● REQUIRED WORK
Copy exactly the stretch of data below from the line with "Hi there. In" through the line with "Hey guys, it's", including both of those lines.

● INFORMATION
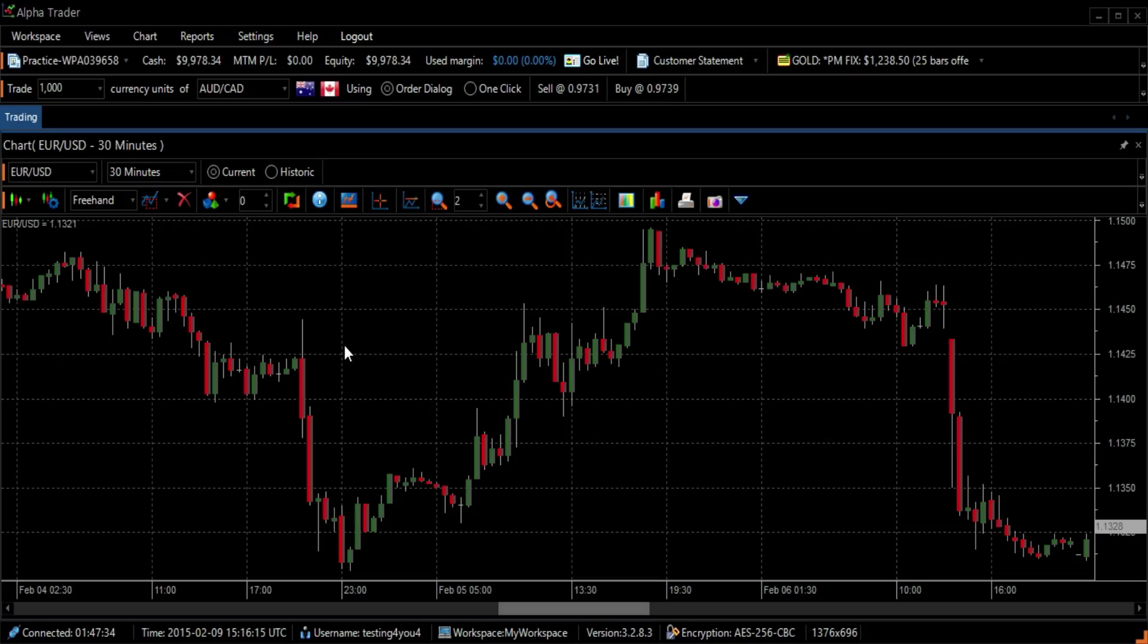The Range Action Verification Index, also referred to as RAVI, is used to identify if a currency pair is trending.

* * *

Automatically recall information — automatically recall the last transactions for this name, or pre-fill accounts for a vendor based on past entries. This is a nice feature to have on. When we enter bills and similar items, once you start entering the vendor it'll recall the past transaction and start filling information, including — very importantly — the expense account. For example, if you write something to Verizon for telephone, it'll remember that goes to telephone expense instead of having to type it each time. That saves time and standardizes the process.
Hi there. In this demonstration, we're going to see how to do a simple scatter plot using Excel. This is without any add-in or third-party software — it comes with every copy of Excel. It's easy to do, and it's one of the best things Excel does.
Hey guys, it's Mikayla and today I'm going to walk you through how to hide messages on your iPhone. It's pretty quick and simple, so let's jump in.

● ANSWER FOR THIS EXERCISE
Hi there. In this demonstration, we're going to see how to do a simple scatter plot using Excel. This is without any add-in or third-party software — it comes with every copy of Excel. It's easy to do, and it's one of the best things Excel does.
Hey guys, it's Mikayla and today I'm going to walk you through how to hide messages on your iPhone. It's pretty quick and simple, so let's jump in.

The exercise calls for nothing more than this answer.